Decoding Beer Labels: 5 Terms Every Beer Drinker Should Know

Decoding Beer Labels: 5 Terms Every Beer Drinker Should Know

When you're staring at a sixpack or bomber of beer at your local bottle shop, you might encounter some unfamiliar phrases. Here are five essential terms you should know.


Bottle Conditioned

Bottle conditioned is brewer-speak to describe a beer that is naturally carbonated. Prior to packaging, beer is allowed to ferment until the yeast is totally satiated, having eaten all the sugars it can.

To bottle condition the beverage, brewers bottle the beer with a bit more sugar for that yeast to munch on. They use a pre-calculated dose that is just the right amount to produce carbon dioxide to be absorbed as carbonation without overpressurizing or worse, blowing up, the bottle. (Nobody wants your beer to explode.)



The alternative to bottle conditioning is called force carbonation, in which carbon dioxide is injected into the finished beer without an additional fermentation.

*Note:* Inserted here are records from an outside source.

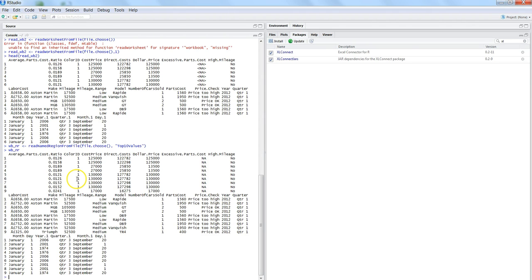In this video, I mainly discussed importing and reading Excel workbook data into R using different options with the XLConnect package. In the next video, I'll talk about how you can write data back to Excel workbooks. Till then, bye bye.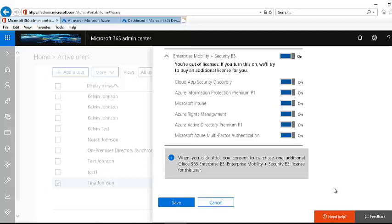That license has already been assigned to someone else. If I decided to assign Tina a license now, I would select the E3 and the EMS E3 license. I would receive a notification saying: when you click Add, you consent to purchase one additional Office 365 Enterprise E3 and Enterprise Mobility + Security E3 license, meaning Microsoft would automatically add one license and bill it to my credit card at month's end. I'm not going to do that — I'm just showing the possibilities.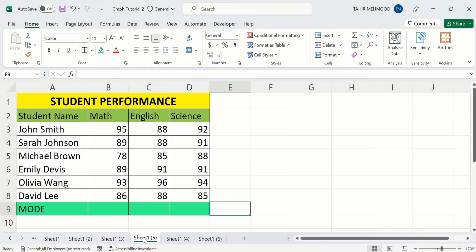In a separate sheet I have already entered the data to save time. Firstly, select the cell where you want to display the result. For example, I want to display the result of mode in this cell, so I have selected this cell.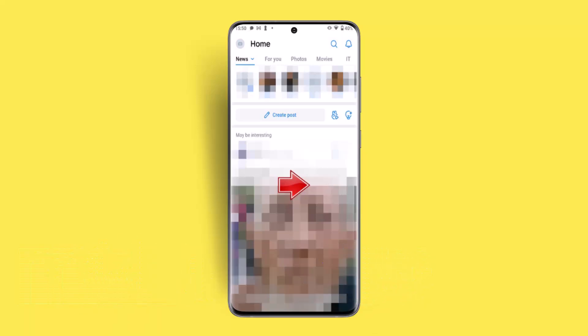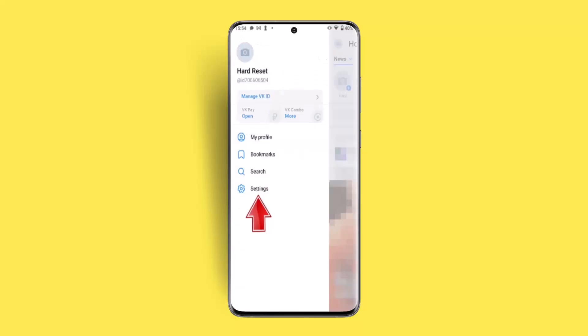First thing first, you want to go ahead and log into your VK app. Once you're logged in, that will take you to the home page. While you're on this page, you just want to swipe towards your right hand side so that a menu bar pops up, after which you could go to the settings from the menu bar.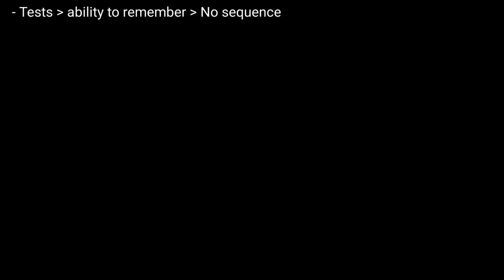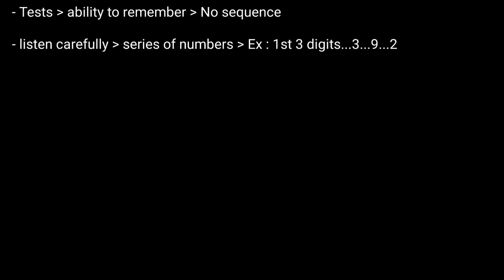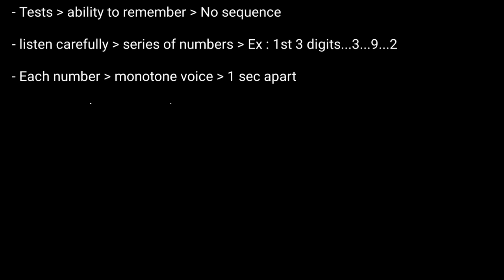The examinee is told to listen carefully as the examiner will say a series of numbers, for example the first three digits: three, nine, two. Each number is said in a monotone voice one second apart. The person repeats those numbers back to you.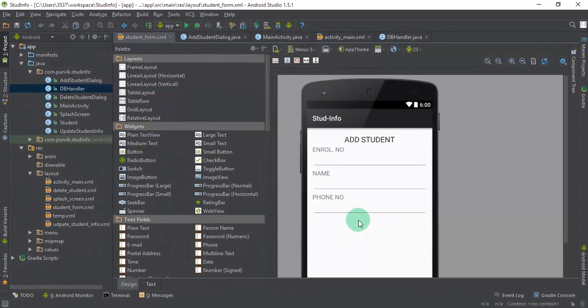The same configuration needs to be done for the update and delete student dialog fragments — specifying separate dialog fragment classes and displaying custom layouts. I will describe that in my next video tutorial. Make sure you complete this part well and watch the previous tutorial before this one. Thanks for watching, and please subscribe to my channel for more Android application development tutorials.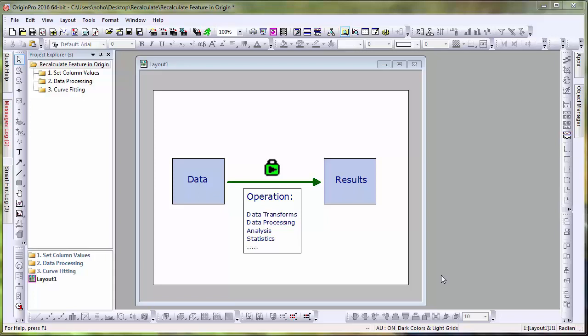One unique feature in Origin is its ability to update the values of columns from operations such as data transformations, analyses, and statistics when either the input data changes or the analysis parameters are modified. This feature simply ties a result to an input, allowing users to automatically update their results. Let's look at a few examples.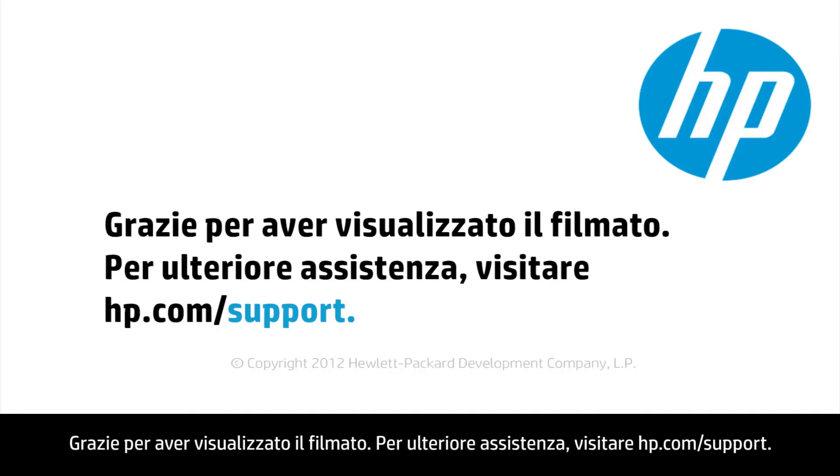Thank you for viewing this video. For more help, go to hp.com/support.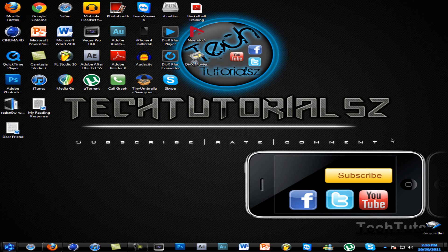Hey guys, TechTutorials here back with another video. Today I'm going to show you how to get iCloud for Windows.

Some beer purists believe that bottle conditioning is indisputably the best way to carbonate beer—arguments in support of the process tout its ability to produce a more pleasant (fine and soft) carbonation, consume oxygen in the bottle's headspace, and develop character over time.


Dry Hopped

Dry hopping refers not to the condition of the hops themselves, but how they are used. It means that the brewers are adding hops after fermentation.


Gypsy Brewer

This arguably-offensive term refers to an increasingly common symbiotic relationship in the beer world. Most established brewers aren't using their expensive brewing equipment 24/7. Other brewers are just getting into the biz and can't afford or don't want to buy all that pricey stainless steel. See where this is going?